As a kid, my earliest understanding of Count Dracula came from The Monster Squad (1987), Count Chocula, Sesame Street, and a mythical final boss I could never get to in the Nintendo game Castlevania 2: Simon’s Quest. None of which was the proper way to get to know The Count, of course. And so, I remained ignorant of the real legend of Count Dracula until fairly recently when I was instilled with a desire to read Bram Stoker’s Dracula (1897), following a pleasurably short read from Joseph Sheridan Le Fanu’s Carmilla (1872). Thanks to Stoker’s novel, I’ve been on quite the Dracula kick lately, watching a lot of films based on the novel, such as Nosferatu: A Symphony of Horror (1922), Dracula (1931), Horror of Dracula (1958), Count Dracula (1970), Nosferatu: The Vampyre (1979), Bram Stoker’s Dracula (1992), and Dracula 3D (2012).
I really think we
would’ve had a near-perfect adaptation with Francis
Ford Coppola’s version from 1992, if it weren’t for the love story between
Dracula and Mina thrown in, and I don’t think Lucy was supposed to seem so
promiscuous, either.

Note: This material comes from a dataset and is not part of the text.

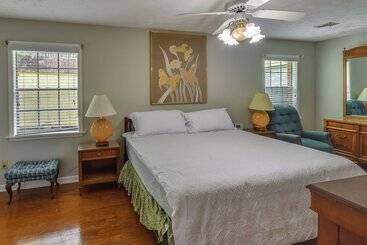 Spacious Downtown Montgomery Home W/ Yard, Patio!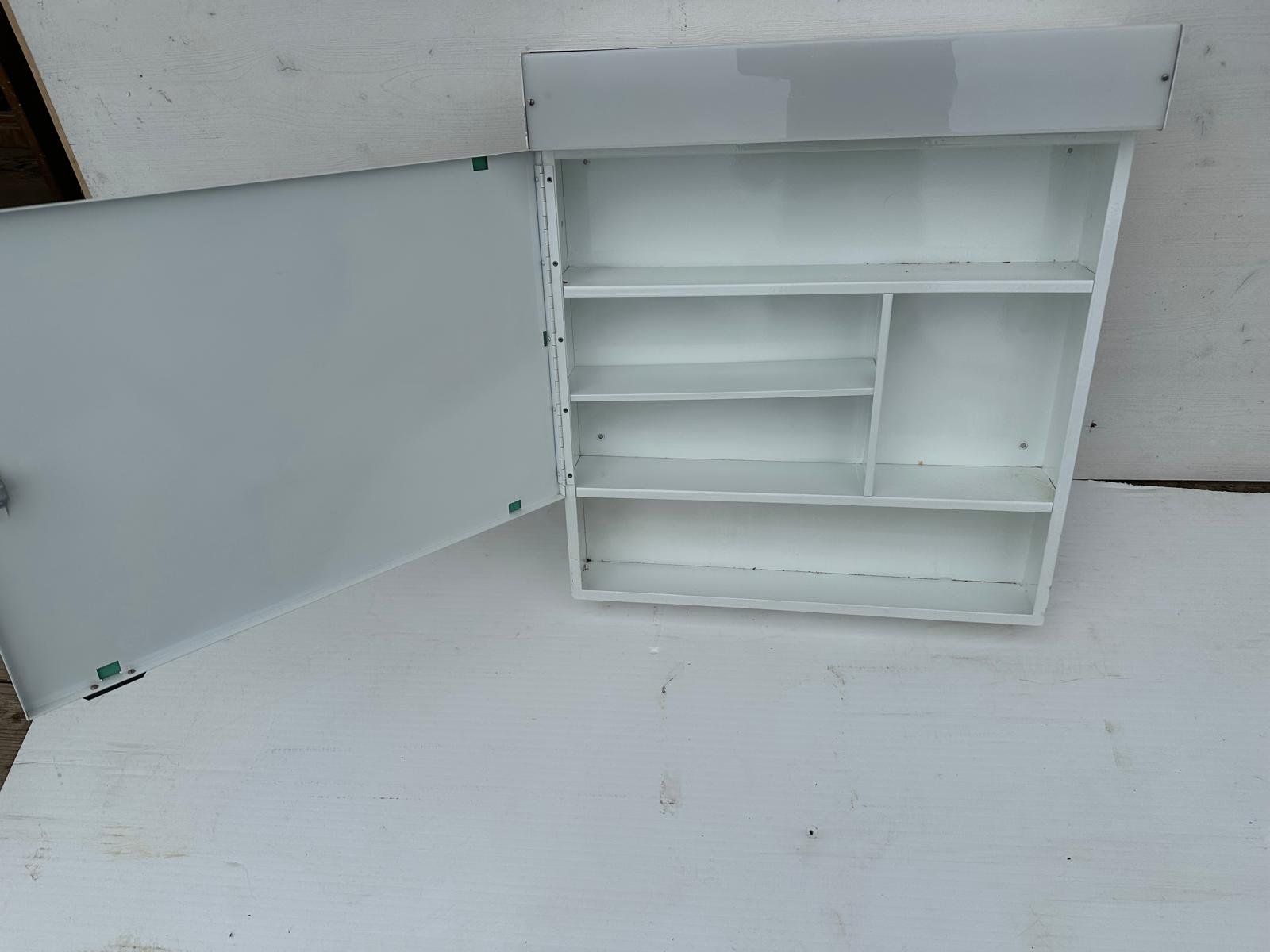Armadietti a specchio: Spiegelschrank – Usato da Spreitenbach venduto da Space_X 1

I’m actually not offended by a soft Dracula that could
genuinely fall in love with a living woman without wishing her any harm; just
don’t shoehorn it into an adaptation of Stoker’s
novel. A lot of people who haven’t read the book will probably think it was a
romance novel. I actually thought it was an interesting idea in Count Dracula’s Great Love (1974),
where Paul Naschy created and
portrayed, for the first time, Count Dracula as a romantic softie.